# Question regarding Dutchwest 224CCL



## lewiston123 (Nov 8, 2011)

Hello, 

I am new to this site as well as wood burning. I am really looking forward to burning this season, but have a couple of issues to resolve before burning can begin in my recently purchased used stove. I am trying to get the stove in good working order and plan to thoroughly clean and re-gasket stove. 

The first issue is in regards to the fit-up of the catalytic combustor.

I am trying to determine whether this circular perforated cast plate below the combustor is suppose to be there. It does not appear to be in the exploded parts view. The catalytic combustor does not seem to fit properly (I suspect because of the room that this plate consumes), the thermometer (1" probe) also contacts the catalytic combustor as well which does not seem right.

Could you please look and advise if you are familiar with the stove. Any wisdom would be much appreciated.

Thanks,

Ryan


----------



## defiant3 (Nov 9, 2011)

I thimk those perforated plates were in there to drain pasta or smoke meat or something.  In fact you should remove it and install the cat. in its place and all should be groovy.  Seriously, I remember all those old Taiwanese CDW's coming with the round plate full of holes, but I've never known why.  8th wonder of the world, I guess.  When removed ,the cat. should sit in there nicely.  There should also be a thing like a waffle (the baffle in fact) which lives below the cat. to protect it from stuff in the firebox.  Don't be alarmed if the waffle baffle guy is ugly, it can still do its job, plus you couldn't get a new one if you needed to.  

  Go ahead and burn this puppy as long as it works, knowing that repair parts are largely unavailable so when it's over, it's over.  There may be many good years left in it though!

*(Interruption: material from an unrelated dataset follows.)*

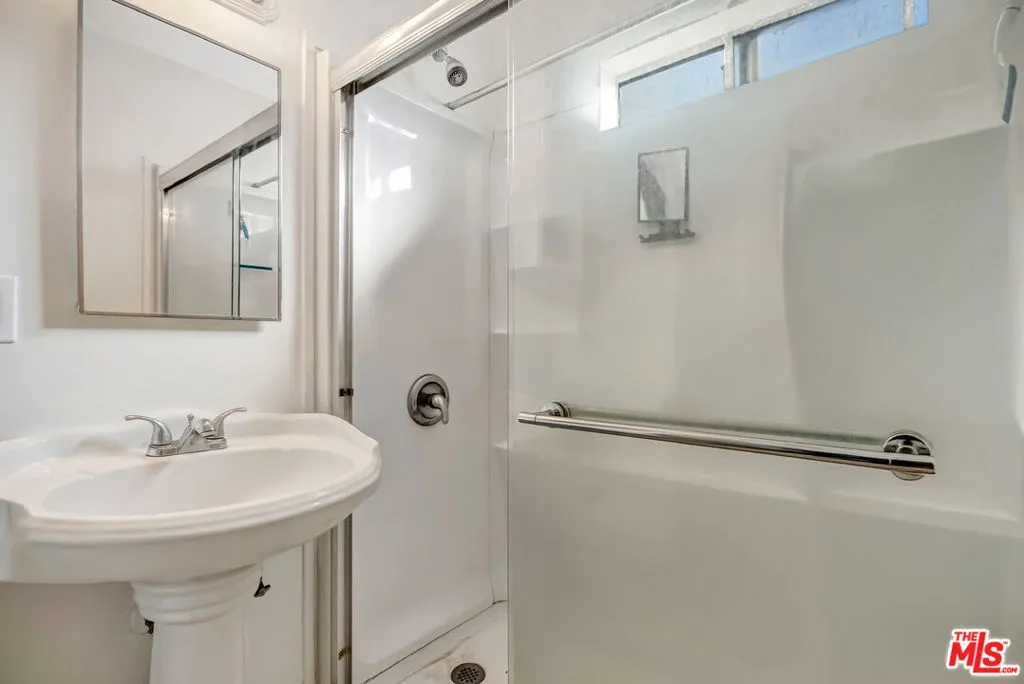 1226 Chelsea Avenue, Santa Monica, California 90404 home-pic-46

Many  many of these are still out there and have a pretty good track record.

  Happy heating.


----------



## geoxman (Nov 9, 2011)

The metal plate is for when you burn coal, you remove the cat and put that in there instead. I am the new owner of a used large version of your stove and I am thrilled with it. I am not trying to plug another forum but there is a ton of great information in this thread. I would skim the whole thing, you will be much more knowledgeable about your stove. Good luck and welcome to the forum and happy burning.
http://www.arboristsite.com/firewood-heating-wood-burning-equipment/111169.htm


----------



## webbie (Nov 9, 2011)

Hmmm, I always thought that plate was to retard flame impingement to the cat converter!

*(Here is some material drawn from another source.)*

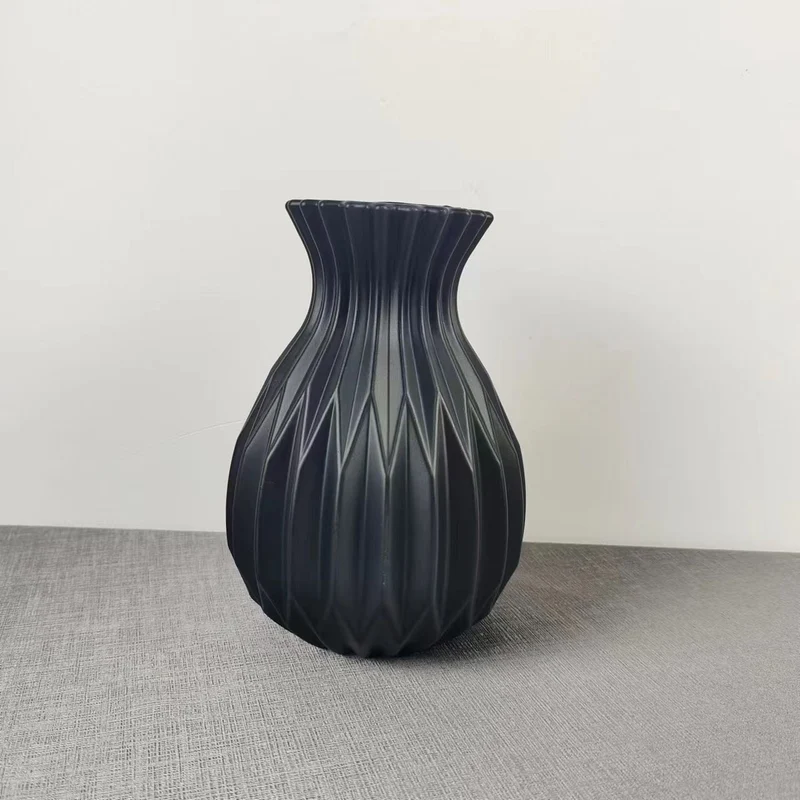 Moderne dekorative strukturierte Vase Karnz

Edit - it seems like I am thinking of that plate suspended under the cat with the holes in it. If that is the case, this just might be as described - for coal burning or something like that. Or, it may be just to help hold up the cat......and keep it from falling apart.

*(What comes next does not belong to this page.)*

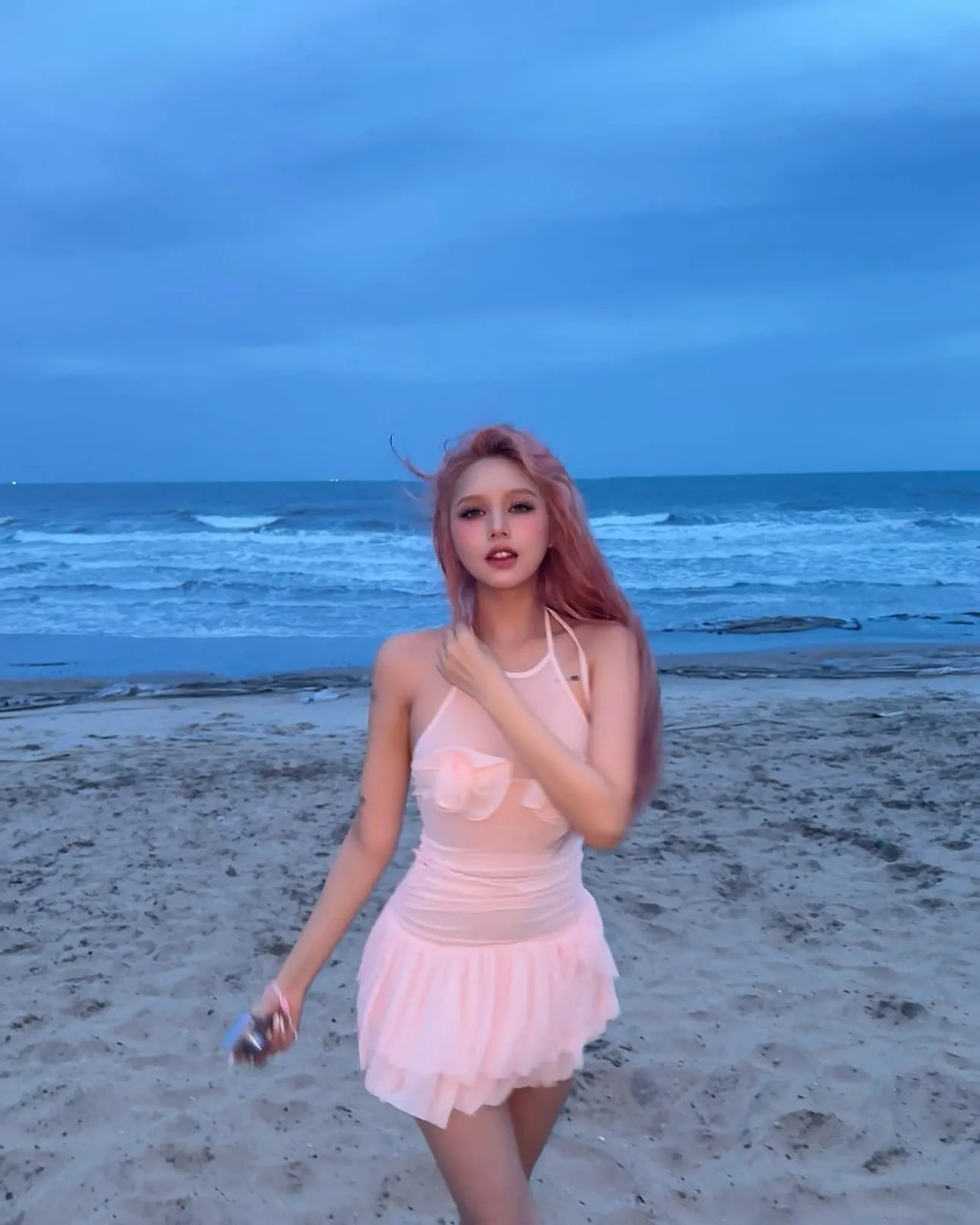 Xoài Non luôn kết hợp hoàn hảo giữa thời trang và cá tính. Xoài Non luôn kết hợp hoàn hảo giữa thời trang và cá tính.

Many stoves had screens for such uses.....round ss screen which would be up against the bottom of the cat.


----------



## missing link (Nov 16, 2011)

I had that same stove , you can reverse the plate and put the cat on top so that little nipple thing doesn't hit the cat  and yes it's a coal thing. Do you have the original paperwork for the stove? if not I'll try to find mine I know I have it.
  When I ran the Cat I took it out , it seems like it would reduce the effect of the cat and it would kinda plug up with ash if I remember correctly
ML


----------